Открыв икону как предмет искусства, исследователи XIX века усмотрели в ней специфически русский жанр, укорененный в прошлом. Однако неотъемлемой частью очарования недавно признанных образов была не только их простота, свойственная художникам, не знающим современной перспективы, и не только вещественная непосредственность, но также и их ретроспективная незавершенность. Повреждения превратили их в наслоения нескольких образов, за которыми созерцатель не видит исходный слой. Как и библейские эскизы Иванова, казавшиеся столь экспрессивными в своей незавершенности, и законченное «Явление…», казавшееся условным и головным, так и древние иконы обладали привлекательностью утраченной целостности. Столь ценимые за их формальные качества и незапланированные дефекты (порча времени), они сделались современными.
Действительно, в художественных журналах того времени (таких, как «Светильник» и «Русская икона») модернизм и иконопись шли рука об руку. В 1913 году, в год трехсотлетия дома Романовых и первой художественной выставки, посвященной иконам
[328], Алексей Васильевич Грищенко (1883–1977) выпустил брошюру под названием «О связях русской живописи с Византией и Западом XIII–XX вв.: Мысли живописца». В ней он называл Поля Сезанна «новаторским гением», в руках которого кубизм «заполнил ту пропасть, которая отделяла старую живопись от новой». При всей своей склонности к инновациям, Сезанн восходил к традиционным моделям художнического ремесла. С точки зрения Грищенко, стилистическая простота Сезанна обладала не только эстетическим, но и нравственным измерением: «Дух сезанновской живописи — глубокий и простой, его удивительная жизнь отшельника, полная упорного труда и творческого подъема, — все это послужило путеводной звездой для художников, преследующих задачи чистой живописи» [329].В подобной трактовке Россия и Европа не противостоят друг другу. Европейские модернисты (к примеру, Матисс) восхищались древнерусским искусством (иконами), находящимися на пересечении итальянской и греческой традиций
[330]. «Париж XX века, — отмечает Грищенко, — странным образом перекликается с варварской Московией» [331]. В силу той же причины русский модернизм глубоко национален, так как восходит к принципам искусства древней Руси, а значит — к византийской традиции [332]. Светское русское искусство, пишет он, сохранило «любовь и высокую способность в красках, пластике и живописно-орнаментальной красоте» [333], присущие древней иконописи.Грищенко не нашел за что похвалить передвижников. Он порицал их поглощенность содержанием и небрежение специфическими свойствами краски. Не в пример им, Иванов заслуживал восхищения. «Александр Иванов является исключительной личностью в истории нашей живописи, — утверждает Грищенко. — По своим убеждениям и глубокому отношению к искусству он неизмеримо стоял выше своих современников, не только в России, но и в Европе»

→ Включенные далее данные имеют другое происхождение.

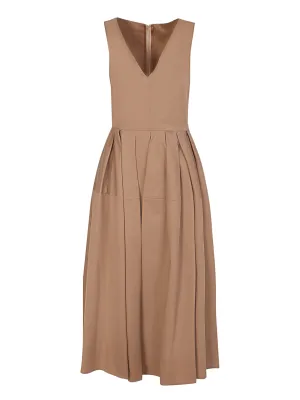 Brown Aster dress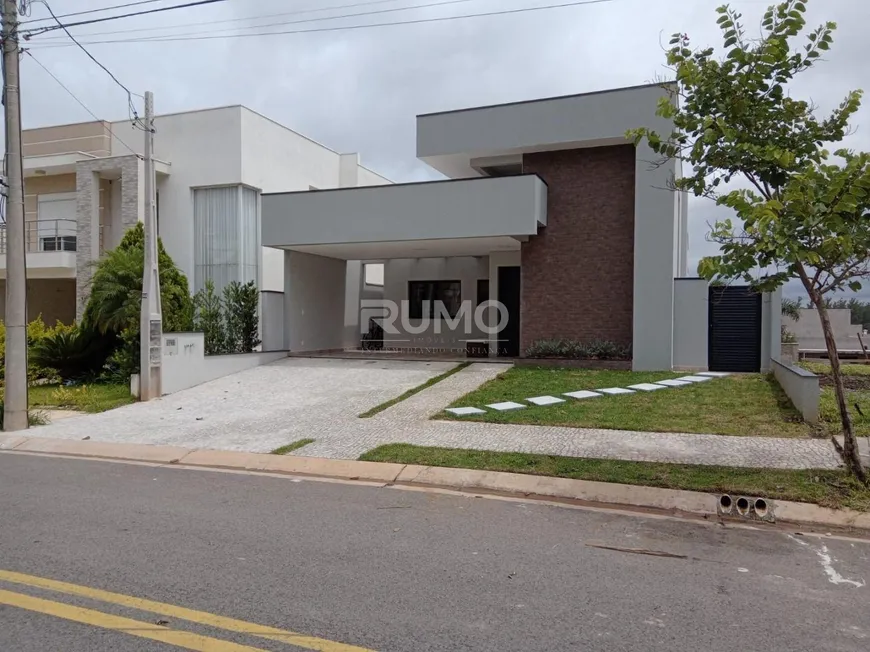 Foto 1 de Casa de Condomínio com 3 Quartos à venda, 205m² em Swiss Park, Campinas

[334]. Подлинная наблюдательность Иванова сохранила его от пошлости общественно заинтересованного реализма. Но она же сделала его подверженным влияниям самого разного толка. «К сожалению, — пишет Грищенко, — его робкий дух скоро поддавался влиянию ламентаций бездарных назарейцев, господствовавших тогда в Риме, влиянию христианского мистицизма и материализма Гоголя, Штрауса и Герцена. Все это губило его замечательный русский живописный дар» [335]. Иными словами, подобный дар мог быть разрушен любой умозрительной программой. «Мир искусства», к примеру, не принимал реализма, замещая его смесью стилей — романтизма, ретроспективизма, декоративизма, экзотизма и мистицизма. С точки зрения Грищенко, все они — тупиковые [336]. В отличие от Сезанна и Пикассо — подлинных новаторов, черпавших вдохновение в древнем искусстве, — мирискусники не понимают живописи. Лишь «художники молодого русского искусства», отмечает Грищенко, последовали за Сезанном в попытке «начать строить мост к лучшему прошлому родного искусства над провалом ложного реализма и ретроспективного индивидуализма» [337].